Funky Beats and Tired Notes

Eden
(France, 131 min.)
Dir. Mia Hansen-Løve, Writ. Mia Hansen-Løve, Sven Hansen-Løve
Starring: Félix de Givry, Pauline Ethienne, Greta Gerwig, Arsinée Khanjian
The Butabi brothers meet Llewyn Davis in the EDM drama Eden, and co-writer/director Mia Hansen-Løve spins a broken record with this film about music lovers who can’t quite keep the beat. Like folksman Llewyn, electronic dance music DJ Paul (a forgettable Félix de Givry) is that unfortunate artist who falls short of fame. Whereas Llewyn plays just a set before Bob Dylan and barely becomes an afterthought in music history, Paul struggles in the shadows of hit EDM guys Daft Punk and never spins to the top. Like the Butabis, however, Paul’s a loser who thinks the party keeps going long after it’s stopped. So too does Hansen-Løve, as Eden spins a serpent on its turntable that swallows itself.

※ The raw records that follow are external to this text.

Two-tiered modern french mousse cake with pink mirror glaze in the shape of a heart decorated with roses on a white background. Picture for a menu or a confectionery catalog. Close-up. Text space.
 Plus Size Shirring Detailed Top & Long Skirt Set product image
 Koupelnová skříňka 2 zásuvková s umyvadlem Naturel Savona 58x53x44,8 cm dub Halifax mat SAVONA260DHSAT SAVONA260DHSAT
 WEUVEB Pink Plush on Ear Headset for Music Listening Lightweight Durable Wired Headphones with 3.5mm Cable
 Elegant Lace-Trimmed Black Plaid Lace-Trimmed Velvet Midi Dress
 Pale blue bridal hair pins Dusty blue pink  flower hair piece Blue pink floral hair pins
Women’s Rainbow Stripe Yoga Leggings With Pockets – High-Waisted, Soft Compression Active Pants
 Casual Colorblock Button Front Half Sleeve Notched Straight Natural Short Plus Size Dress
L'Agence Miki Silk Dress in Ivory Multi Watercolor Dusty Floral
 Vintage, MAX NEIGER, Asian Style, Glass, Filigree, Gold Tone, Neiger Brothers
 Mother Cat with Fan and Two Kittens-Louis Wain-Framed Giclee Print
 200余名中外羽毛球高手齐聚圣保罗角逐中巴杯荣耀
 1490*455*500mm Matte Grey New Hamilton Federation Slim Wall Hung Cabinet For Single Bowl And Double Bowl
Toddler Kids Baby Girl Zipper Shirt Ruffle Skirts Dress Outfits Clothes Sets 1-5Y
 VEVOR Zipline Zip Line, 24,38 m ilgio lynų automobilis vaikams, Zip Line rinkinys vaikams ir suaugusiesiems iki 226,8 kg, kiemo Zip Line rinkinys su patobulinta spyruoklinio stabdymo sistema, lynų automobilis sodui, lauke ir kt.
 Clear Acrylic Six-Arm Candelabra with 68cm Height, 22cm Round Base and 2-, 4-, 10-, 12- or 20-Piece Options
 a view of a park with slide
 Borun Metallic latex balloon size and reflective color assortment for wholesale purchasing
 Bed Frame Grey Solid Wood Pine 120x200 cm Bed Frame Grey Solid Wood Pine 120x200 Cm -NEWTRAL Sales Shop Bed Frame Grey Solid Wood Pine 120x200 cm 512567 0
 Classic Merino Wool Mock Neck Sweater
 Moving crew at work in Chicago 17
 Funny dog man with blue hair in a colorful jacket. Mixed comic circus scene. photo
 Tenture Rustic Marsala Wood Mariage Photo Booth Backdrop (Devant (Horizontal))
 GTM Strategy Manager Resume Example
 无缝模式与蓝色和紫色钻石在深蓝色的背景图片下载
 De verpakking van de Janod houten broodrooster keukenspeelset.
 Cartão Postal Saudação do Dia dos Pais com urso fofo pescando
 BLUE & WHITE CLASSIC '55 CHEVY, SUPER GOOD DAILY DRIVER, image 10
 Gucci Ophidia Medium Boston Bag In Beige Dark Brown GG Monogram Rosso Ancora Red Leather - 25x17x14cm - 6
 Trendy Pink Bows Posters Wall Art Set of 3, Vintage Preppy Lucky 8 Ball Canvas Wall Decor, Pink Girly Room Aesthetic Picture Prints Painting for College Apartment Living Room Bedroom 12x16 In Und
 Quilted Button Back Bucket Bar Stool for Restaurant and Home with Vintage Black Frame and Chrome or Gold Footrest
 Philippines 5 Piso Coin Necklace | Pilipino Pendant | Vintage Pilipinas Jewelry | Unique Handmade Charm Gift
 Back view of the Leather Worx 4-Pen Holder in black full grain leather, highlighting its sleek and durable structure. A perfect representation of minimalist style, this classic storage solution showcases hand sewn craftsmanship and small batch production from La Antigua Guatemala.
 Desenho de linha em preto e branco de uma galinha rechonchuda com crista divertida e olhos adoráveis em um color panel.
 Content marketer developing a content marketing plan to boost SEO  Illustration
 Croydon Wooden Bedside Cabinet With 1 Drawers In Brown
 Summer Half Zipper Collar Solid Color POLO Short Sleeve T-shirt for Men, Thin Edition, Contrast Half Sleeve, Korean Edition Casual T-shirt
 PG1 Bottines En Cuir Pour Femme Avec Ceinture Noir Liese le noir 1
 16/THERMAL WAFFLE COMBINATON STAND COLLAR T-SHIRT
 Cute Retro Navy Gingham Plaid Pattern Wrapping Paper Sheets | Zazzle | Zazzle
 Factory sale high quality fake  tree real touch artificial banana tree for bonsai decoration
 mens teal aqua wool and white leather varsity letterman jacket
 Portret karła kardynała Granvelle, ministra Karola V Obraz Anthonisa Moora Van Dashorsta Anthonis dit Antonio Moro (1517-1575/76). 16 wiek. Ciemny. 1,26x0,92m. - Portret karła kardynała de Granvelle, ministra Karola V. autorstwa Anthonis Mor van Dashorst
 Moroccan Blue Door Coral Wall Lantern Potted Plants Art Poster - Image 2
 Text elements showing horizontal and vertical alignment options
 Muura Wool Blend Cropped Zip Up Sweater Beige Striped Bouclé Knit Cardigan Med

There’s a great movie in here somewhere amidst a bloated running time filled with pretension and pulse-pounding music that ultimately rings false even if the heart of Eden is pure truth. It takes guts to tell a story about talented individuals and their failed efforts to live their dreams, but it asks a lot of the audience, too, to care about a character who simply isn’t that likable or interesting. The film is timely as it charts a failed coming-of-age tale as Paul, like many late-twenty-to-thirty-somethings nowadays, refuses to accept the fact that life is a disappointment and that his years of education were all for nothing. The music Paul plays—derivative stuff that makes Eden play like Dance Mix
’95: The Movie—creates a beat that drives on and lets Paul—and sometimes the audience—get lost in the hypnotic haze of synthetic rhythms. Hansen-Løve certainly knows how to assemble a playlist and her sound team really knows how to layer a track.

Eden firmly plays like EDM, however, the beat loses itself in its own monotony. The pacing is slow and the film meanders in overdrawn episodes that don’t sufficiently make use of the few talented actors, although Hansen-Løve gives Arsinée Khanjian some moments to shine amidst a mostly bland cast. To the director’s credit, though, she sharply re-creates the tired, lost subculture with her apathetic ensemble. The film looks gorgeous and sounds electric, but Eden is a song of funky beats and tired notes.

Rating: ★★½ (out of ★★★★★)

Eden screened in Ottawa at The Mayfair.